3.5.2 Semantic vs. Syntactic Compositionality
Section titled “3.5.2 Semantic vs. Syntactic Compositionality”Sentences are syntactically compositional because they consist of clauses, which, in turn, consist of phrases, which, in turn, consist of other phrases and words. In other words, saying that sentences are syntactically compositional is tantamount to saying that they have syntactic structure. Sentence meaning is compositional because, to a large extent, it depends on a combination of the meanings of sentence constituents, which implies the concept of semantic structure. That both syntactic structure and semantic structure are compositional does not imply that the two structures are in any sense isomorphic or congruent: in other words, it does not follow that the syntactic and semantic constituents are the same.

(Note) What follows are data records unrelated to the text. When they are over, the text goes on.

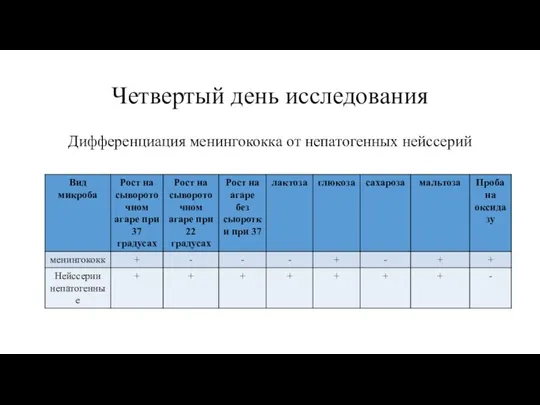 Четвертый день исследования Дифференциация менингококка от непатогенных нейссерий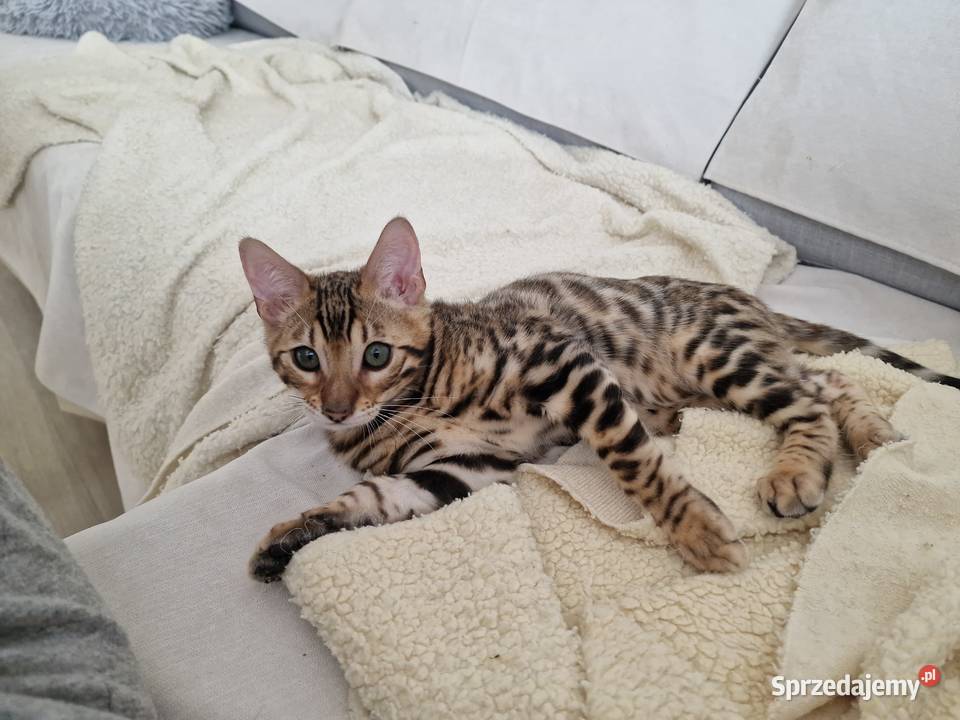 Kot bengalski słodki Garson Bengalski Konin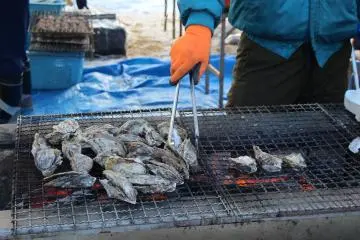 Matsushima Oyster Festival 2027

Formal semanticists are aware of the possible distinctions between the shape of the syntactic and semantic structures. “In theory, the semantically relevant structure of a complex expression like a sentence may bear little or no relation to the syntactic structure assigned to it on other linguistic grounds (on the basis, for example, of grammaticality judgments and intuitions about syntactic constituency)” (Chierchia and McConnell-Ginet 1990: 91).
Having observed a parallelism between the (morphological) lexicon and phrase structure rules in syntax, on the one hand, and the (semantic) lexicon and compositional rules in semantics, on the other, Ladusaw observes that “[t]he distinction between lexical and compositional in semantics is not necessarily the same as between lexical and phrasal in syntax. Polymorphemic words may have completely compositional meanings and apparently phrasal constituents may have idiomatic meanings. See Dowty (1978) and Hoeksma (1984) for a discussion of the relationship between compositionality and the lexical/syntactic distinction.”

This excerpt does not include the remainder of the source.